X_train, X_val, y_train, y_val = load_the_data(...)
model = ExtraTreesQuantileRegressor(n_jobs=-1, criterion='mse', max_depth=None, max_features='auto', max_leaf_nodes=None, n_estimators=10)
model.fit(X_train, y_train)
...
I've tried with various simpler configs and also tried with n_jobs>1
, and also tried using RandomForestQuantileRegressor
to no avail. I have this bug on multiple computers too, under different hardware too. I looked at the code and it looks like you pass n_jobs
properly through to the base scikit learn class instances. Can any insight be offered here?
Great package, BTW.
Have there been any updates on this? I haven't been able to get this to work with anything other than the default njobs. If I try n_jobs = -1 for RandomForestQuantileRegressor the code never finishes.

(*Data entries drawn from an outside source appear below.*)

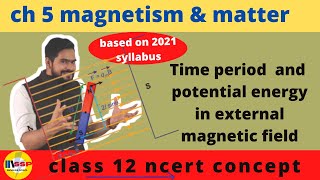 3 Potential energy in external magnetic field ||   class 12 physics  ||by  ssp  sir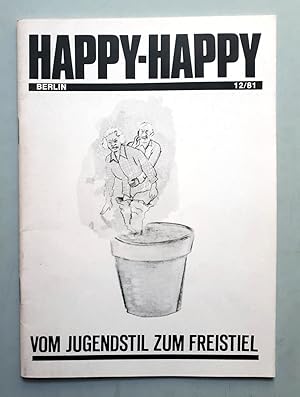 Immagine del venditore per Happy-Happy - Vom Jugendstil zum Freistiel - Ina Barfuss, Hans Siebert d.i. Martin Kippenberger, Thomas Wachweger - Galerie Petersen 1981 / 1982 venduto da Verlag IL Kunst, Literatur & Antiquariat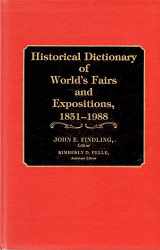 9780313260230-0313260230-Historical Dictionary of World's Fairs and Expositions, 1851-1988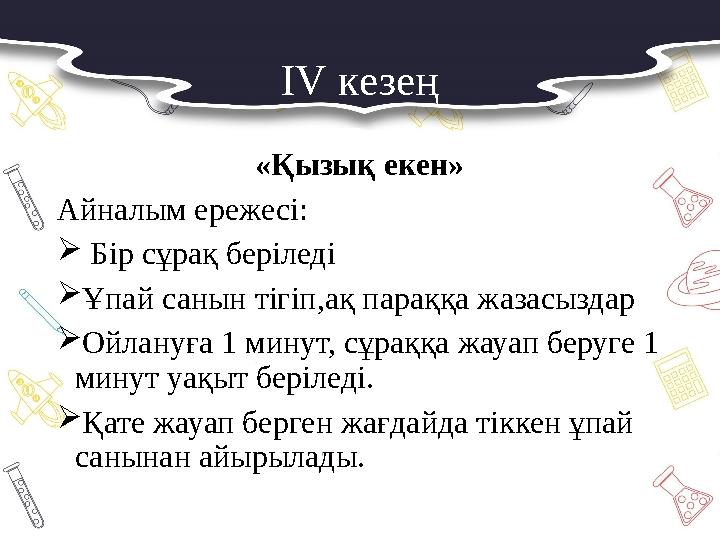 IV кезең «Қызық екен» Айналым ережесі:  Бір сұрақ беріледі Ұпай санын тігіп,ақ параққа жазасыздар Ойлануға 1 минут, сұраққа ж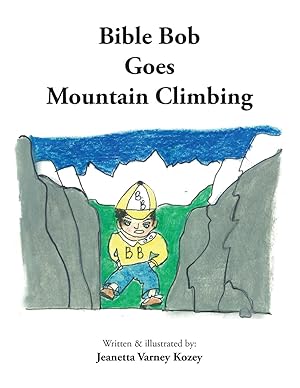 Imagen del vendedor de Bible Bob Goes Mountain Climbing a la venta por moluna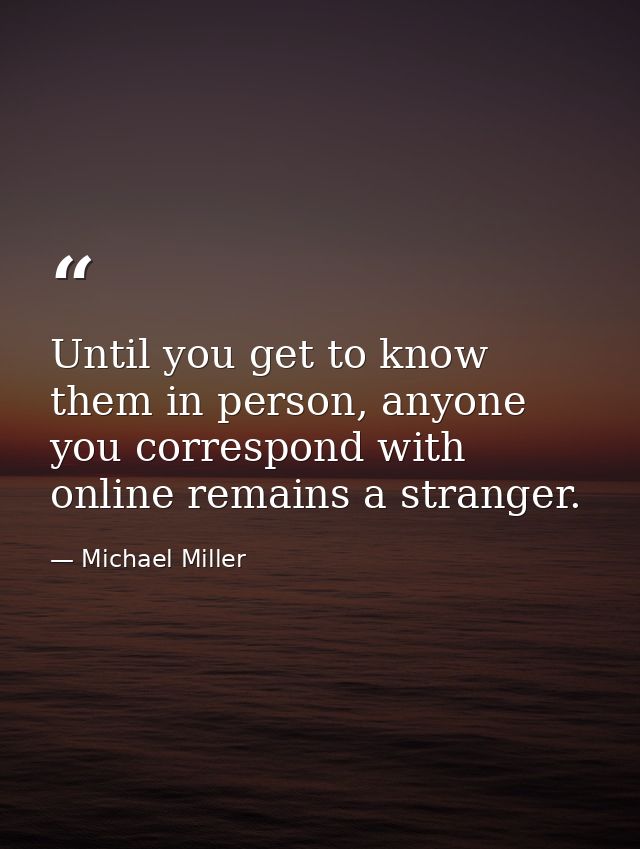 Until you get to know them in person, anyone you correspond with online remains a stranger. — Michael Miller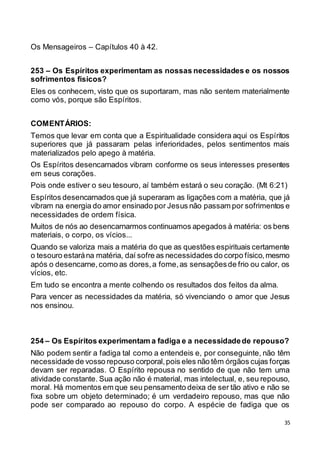 35
Os Mensageiros – Capítulos 40 à 42.
253 – Os Espíritos experimentam as nossas necessidades e os nossos
sofrimentos físicos?
Eles os conhecem, visto que os suportaram, mas não sentem materialmente
como vós, porque são Espíritos.
COMENTÁRIOS:
Temos que levar em conta que a Espiritualidade considera aqui os Espíritos
superiores que já passaram pelas inferioridades, pelos sentimentos mais
materializados pelo apego à matéria.
Os Espíritos desencarnados vibram conforme os seus interesses presentes
em seus corações.
Pois onde estiver o seu tesouro, aí também estará o seu coração. (Mt 6:21)
Espíritos desencarnados que já superaram as ligações com a matéria, que já
vibram na energia do amor ensinado por Jesus não passam por sofrimentos e
necessidades de ordem física.
Muitos de nós ao desencarnarmos continuamos apegados à matéria: os bens
materiais, o corpo, os vícios...
Quando se valoriza mais a matéria do que as questões espirituais certamente
o tesouro estarána matéria, daí sofre as necessidades do corpo físico,mesmo
após o desencarne,como as dores,a fome,as sensaçõesde frio ou calor, os
vícios, etc.
Em tudo se encontra a mente colhendo os resultados dos feitos da alma.
Para vencer as necessidades da matéria, só vivenciando o amor que Jesus
nos ensinou.
254 – Os Espíritos experimentam a fadiga e a necessidadede repouso?
Não podem sentir a fadiga tal como a entendeis e, por conseguinte, não têm
necessidade de vosso repouso corporal,pois eles não têm órgãos cujas forças
devam ser reparadas. O Espírito repousa no sentido de que não tem uma
atividade constante. Sua ação não é material, mas intelectual, e, seu repouso,
moral. Há momentos em que seu pensamento deixa de ser tão ativo e não se
fixa sobre um objeto determinado; é um verdadeiro repouso, mas que não
pode ser comparado ao repouso do corpo. A espécie de fadiga que os
 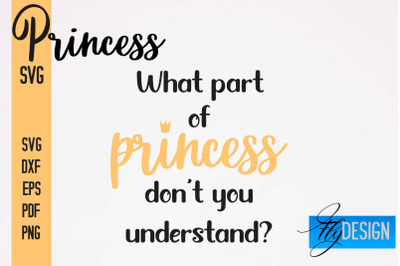 Princess SVG Bundle | Funny Girl Quotes SVG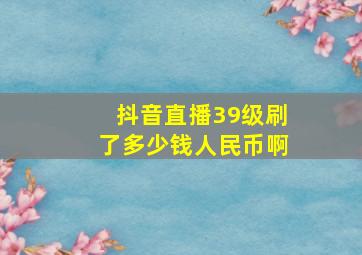 抖音直播39级刷了多少钱人民币啊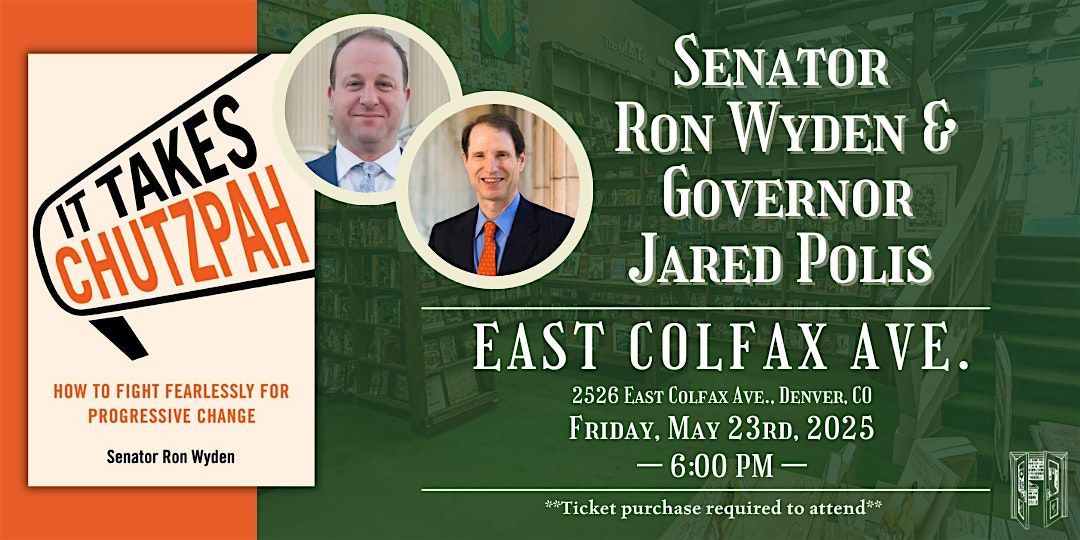 Senator Ron Wyden & Governor Jared Polis at Tattered Cover Colfax, 23 May | Event in Denver | AllEvents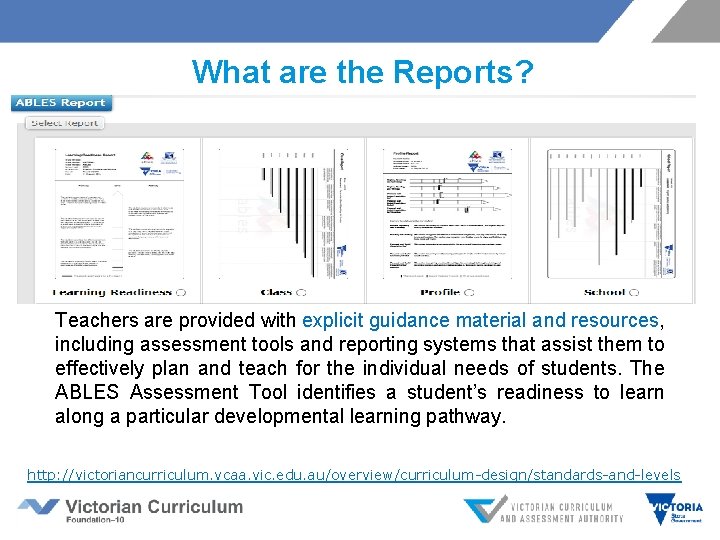 What are the Reports? Teachers are provided with explicit guidance material and resources, including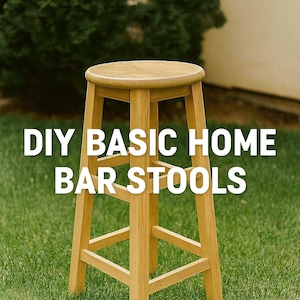 May include: A light-colored wooden bar stool with a round seat and four angled legs. The stool is set on a green lawn, with the text "DIY BASIC HOME BAR STOOLS" in white across the image.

I am also seeing this behavior as well. Curious if there has been any progress on this issue.
Being under time constraints, my temporary solution to this problem was as follows:
In .venv\Lib\site-packages\skgarden\quantile\ensemble.py (your path will vary), I added the following constructor to BaseForestQuantileRegressor.
def __init__(self,
base_estimator,
n_estimators=100,
estimator_params=tuple(),
bootstrap=False,
oob_score=False,
n_jobs=None,
random_state=None,
verbose=0,
warm_start=False):
super(BaseForestQuantileRegressor, self).__init__(
base_estimator,
n_estimators=n_estimators,
estimator_params=estimator_params,
bootstrap=bootstrap,
oob_score=oob_score,
n_jobs=n_jobs,
random_state=random_state,
verbose=verbose,
warm_start=warm_start)`
Then, n_jobs were n_jobbey.
@MechCoder --- do you want to work together to find the right solution?